Неоценимо значение мемуаров, несущих в себе свидетельства

- 56 -

участников событий минувших лет. Но воспоминания нередко не свободны от влияния особенностей личного восприятия, видения, наконец, от состояния механизма памяти на момент обращения к ней. Все это, естественно, думаю, оправдывает мое частое обращение к написанному Дмитрием Антоновичем Волкогоновым, поскольку оно, как исследование, привлекает для анализа деталей истории громадный документальный материал, сужая границы возможности проявления в нем субъективного.

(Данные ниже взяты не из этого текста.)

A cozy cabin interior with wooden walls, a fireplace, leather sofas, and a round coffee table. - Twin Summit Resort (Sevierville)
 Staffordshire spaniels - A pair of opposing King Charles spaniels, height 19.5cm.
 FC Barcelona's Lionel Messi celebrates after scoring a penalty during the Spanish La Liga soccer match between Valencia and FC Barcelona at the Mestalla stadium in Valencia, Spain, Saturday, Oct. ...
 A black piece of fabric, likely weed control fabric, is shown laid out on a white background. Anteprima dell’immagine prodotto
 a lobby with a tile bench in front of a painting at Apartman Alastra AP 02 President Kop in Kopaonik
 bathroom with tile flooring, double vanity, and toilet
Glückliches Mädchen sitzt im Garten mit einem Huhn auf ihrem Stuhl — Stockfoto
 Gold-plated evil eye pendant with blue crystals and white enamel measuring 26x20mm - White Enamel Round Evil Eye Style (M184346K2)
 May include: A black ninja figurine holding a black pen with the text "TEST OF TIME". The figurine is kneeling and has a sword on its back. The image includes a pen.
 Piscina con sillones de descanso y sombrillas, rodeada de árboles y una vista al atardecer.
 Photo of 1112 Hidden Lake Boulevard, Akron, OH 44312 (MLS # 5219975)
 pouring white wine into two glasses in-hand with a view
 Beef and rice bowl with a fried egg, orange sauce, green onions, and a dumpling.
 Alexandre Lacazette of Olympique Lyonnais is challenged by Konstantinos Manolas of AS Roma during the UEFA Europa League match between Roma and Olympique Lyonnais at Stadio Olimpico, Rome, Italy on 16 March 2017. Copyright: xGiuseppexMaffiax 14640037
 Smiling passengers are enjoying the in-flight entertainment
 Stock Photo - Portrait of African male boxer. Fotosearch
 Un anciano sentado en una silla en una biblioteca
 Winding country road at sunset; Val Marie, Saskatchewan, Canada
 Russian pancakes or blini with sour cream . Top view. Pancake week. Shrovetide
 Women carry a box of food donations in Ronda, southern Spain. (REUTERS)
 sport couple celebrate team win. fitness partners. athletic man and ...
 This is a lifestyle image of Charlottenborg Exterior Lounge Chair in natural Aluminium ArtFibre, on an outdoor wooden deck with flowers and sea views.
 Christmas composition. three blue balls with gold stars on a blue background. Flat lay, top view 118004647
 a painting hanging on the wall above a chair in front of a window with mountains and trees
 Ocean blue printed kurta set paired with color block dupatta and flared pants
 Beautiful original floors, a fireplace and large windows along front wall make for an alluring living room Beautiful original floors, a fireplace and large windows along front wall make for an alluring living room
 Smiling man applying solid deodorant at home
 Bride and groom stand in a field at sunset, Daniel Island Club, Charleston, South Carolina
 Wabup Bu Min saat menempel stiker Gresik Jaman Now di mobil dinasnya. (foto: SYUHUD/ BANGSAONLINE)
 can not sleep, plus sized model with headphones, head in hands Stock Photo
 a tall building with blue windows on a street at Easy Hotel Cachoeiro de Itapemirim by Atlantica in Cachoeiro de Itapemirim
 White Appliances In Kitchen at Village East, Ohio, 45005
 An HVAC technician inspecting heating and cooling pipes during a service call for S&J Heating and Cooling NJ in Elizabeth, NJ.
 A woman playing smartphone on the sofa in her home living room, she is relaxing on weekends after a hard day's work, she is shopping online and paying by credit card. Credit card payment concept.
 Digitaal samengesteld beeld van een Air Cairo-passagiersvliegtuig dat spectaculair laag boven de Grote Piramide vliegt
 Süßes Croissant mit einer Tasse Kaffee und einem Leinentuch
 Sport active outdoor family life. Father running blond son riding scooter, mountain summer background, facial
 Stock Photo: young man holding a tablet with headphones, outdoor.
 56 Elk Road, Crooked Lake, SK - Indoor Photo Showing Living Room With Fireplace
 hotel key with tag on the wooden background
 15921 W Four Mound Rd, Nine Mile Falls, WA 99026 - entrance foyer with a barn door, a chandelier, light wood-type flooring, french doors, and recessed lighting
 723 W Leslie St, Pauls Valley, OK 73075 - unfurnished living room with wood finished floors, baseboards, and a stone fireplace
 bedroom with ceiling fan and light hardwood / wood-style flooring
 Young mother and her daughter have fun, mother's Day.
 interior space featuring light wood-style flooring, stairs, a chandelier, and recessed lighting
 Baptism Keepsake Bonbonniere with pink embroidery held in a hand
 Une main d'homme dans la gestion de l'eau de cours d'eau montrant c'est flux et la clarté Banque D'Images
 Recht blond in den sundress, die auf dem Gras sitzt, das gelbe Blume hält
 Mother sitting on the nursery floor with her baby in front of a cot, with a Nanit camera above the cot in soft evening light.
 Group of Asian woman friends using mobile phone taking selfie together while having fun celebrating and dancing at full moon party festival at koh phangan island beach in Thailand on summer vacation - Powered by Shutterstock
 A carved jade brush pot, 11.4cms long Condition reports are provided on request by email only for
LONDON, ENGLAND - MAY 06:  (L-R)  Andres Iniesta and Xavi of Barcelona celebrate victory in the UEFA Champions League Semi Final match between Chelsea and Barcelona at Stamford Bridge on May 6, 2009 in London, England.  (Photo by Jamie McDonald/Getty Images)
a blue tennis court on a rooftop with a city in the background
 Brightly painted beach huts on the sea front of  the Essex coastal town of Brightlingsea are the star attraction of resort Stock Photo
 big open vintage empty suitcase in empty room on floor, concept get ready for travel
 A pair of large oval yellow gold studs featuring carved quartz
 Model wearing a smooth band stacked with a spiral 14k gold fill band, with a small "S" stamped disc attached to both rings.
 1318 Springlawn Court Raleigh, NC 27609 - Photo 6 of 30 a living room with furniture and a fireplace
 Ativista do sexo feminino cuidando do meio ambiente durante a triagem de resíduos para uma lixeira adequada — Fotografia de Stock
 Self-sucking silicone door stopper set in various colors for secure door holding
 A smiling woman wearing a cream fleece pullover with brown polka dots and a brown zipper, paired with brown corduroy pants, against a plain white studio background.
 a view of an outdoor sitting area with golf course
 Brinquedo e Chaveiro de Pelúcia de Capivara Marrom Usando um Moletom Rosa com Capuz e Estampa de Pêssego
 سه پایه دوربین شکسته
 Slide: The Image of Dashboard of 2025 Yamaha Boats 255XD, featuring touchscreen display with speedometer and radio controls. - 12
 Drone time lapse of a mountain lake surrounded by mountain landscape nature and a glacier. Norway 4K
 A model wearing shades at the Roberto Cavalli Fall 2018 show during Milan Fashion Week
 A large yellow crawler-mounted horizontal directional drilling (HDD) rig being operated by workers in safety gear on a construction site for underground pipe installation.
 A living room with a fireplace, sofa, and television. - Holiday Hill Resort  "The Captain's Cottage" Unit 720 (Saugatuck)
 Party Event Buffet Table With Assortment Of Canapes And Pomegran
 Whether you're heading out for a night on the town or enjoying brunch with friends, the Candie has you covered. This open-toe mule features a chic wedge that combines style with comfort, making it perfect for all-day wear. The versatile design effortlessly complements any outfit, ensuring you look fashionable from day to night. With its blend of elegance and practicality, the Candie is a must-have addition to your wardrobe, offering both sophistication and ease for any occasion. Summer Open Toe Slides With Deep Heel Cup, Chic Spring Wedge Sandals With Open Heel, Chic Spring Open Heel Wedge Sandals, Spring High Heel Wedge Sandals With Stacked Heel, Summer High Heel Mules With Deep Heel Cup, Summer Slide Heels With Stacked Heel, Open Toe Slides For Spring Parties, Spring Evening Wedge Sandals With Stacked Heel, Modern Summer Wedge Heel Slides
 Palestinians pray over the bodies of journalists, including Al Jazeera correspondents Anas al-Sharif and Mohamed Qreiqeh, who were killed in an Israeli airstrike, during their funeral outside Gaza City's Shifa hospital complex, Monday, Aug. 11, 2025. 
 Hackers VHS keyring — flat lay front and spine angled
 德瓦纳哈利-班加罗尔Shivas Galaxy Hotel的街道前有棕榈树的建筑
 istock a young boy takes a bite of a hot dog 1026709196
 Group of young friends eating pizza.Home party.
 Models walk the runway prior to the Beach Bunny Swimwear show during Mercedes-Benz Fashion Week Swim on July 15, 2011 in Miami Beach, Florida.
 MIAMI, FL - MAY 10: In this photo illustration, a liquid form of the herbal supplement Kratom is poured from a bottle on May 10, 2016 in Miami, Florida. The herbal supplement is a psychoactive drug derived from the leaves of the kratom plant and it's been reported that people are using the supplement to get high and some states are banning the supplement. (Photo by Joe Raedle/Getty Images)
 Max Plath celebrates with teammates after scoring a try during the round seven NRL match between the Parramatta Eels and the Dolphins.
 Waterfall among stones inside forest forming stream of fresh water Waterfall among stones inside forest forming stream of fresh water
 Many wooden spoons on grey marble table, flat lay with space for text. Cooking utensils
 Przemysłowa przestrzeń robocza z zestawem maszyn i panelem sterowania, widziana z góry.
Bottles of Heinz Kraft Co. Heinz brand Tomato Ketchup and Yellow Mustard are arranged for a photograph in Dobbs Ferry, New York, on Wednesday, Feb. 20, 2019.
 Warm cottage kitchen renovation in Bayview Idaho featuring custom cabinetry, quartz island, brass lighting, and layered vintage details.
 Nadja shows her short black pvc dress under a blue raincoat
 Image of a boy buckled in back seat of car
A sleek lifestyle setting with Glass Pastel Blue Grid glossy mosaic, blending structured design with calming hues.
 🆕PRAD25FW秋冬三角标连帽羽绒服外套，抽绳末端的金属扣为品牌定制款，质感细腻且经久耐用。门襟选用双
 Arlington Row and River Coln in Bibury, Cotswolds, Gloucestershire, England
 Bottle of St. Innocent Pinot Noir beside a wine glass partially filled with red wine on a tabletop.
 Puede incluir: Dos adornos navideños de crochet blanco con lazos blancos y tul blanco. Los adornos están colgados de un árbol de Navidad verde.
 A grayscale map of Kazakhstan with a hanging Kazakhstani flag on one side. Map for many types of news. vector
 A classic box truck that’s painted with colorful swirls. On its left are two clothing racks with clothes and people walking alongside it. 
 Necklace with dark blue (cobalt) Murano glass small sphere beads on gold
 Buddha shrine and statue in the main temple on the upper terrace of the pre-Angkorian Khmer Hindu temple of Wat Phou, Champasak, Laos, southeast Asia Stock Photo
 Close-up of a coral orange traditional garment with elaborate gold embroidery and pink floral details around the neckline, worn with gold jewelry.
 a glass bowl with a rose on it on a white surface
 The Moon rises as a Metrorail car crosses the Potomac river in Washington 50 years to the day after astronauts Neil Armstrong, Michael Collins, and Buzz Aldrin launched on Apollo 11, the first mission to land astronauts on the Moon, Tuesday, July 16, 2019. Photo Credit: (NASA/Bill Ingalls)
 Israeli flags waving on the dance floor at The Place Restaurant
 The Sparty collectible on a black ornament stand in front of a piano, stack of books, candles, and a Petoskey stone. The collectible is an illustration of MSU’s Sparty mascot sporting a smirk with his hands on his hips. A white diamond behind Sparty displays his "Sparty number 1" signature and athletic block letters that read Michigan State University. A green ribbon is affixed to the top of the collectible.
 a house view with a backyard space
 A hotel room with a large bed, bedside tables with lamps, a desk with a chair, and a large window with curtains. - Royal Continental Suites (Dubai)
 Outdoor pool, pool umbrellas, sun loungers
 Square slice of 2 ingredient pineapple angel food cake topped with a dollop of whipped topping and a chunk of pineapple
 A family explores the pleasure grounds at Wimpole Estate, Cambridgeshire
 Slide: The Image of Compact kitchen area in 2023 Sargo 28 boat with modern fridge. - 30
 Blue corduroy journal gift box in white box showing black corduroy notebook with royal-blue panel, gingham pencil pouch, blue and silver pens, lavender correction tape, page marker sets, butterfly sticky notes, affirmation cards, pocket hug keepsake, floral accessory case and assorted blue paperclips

Но вернемся к дням работы с нами Особого отдела армии. Строилась она с каждым по-разному: о ком-то, казалось, просто забыли, его не вызывали на допросы, других тревожили часто, и первые завидовали, полагая, что устойчивое внимание ускорит выяснение истины и снятие подозрения. Но, увы, из тех и других отпущены не были никто, и около начала октября сорок второго всем до одного предстояло узнать нечто новое — так называемый пересыльный (на пути куда?) пункт в селе Дрезгалово под Ельцом. Допросы кончились, и около сотни пришедших через фронт к своим вызывались с единственной целью дать знать, что едва ли ни все, кроме вызванного, подосланы немцами и что известно это почти достоверно. Поэтому считающий себя верным сыном родины обязан прислушиваться к разговорам вокруг и докладывать обо всем, что покажется подозрительным, враждебно-пропагандистским, либо опрометчиво раскрывающим скрытую суть говорившего. Брались подписки о сотрудничестве с органами контрразведки, присваивались в этих целях псевдонимы. И, что таить греха, многие принимали сказанное в подобных беседах с верой, настораживались, готовые видеть в ближнем своем маскирующегося врага, и, трагическим образом заблуждаясь, истолковывали сказанное другим слово в строго заданном свете, что и предрешало судьбы на многие годы. Со мной подобная беседа содержала вопрос, что я думаю по поводу нескольких имен, уверение, что, оценивая их положительно, наивно заблуждаюсь, что это враги, и нужно выяснить лишь какие-то дополнительные моменты. Последовало предложение сотрудничать и взять конспиративное имя. Ответил, что, увижу врага — обязательно скажу. Но в моем окружении, был убежден, таковых не было, не возникало даже сомнения в ком-либо.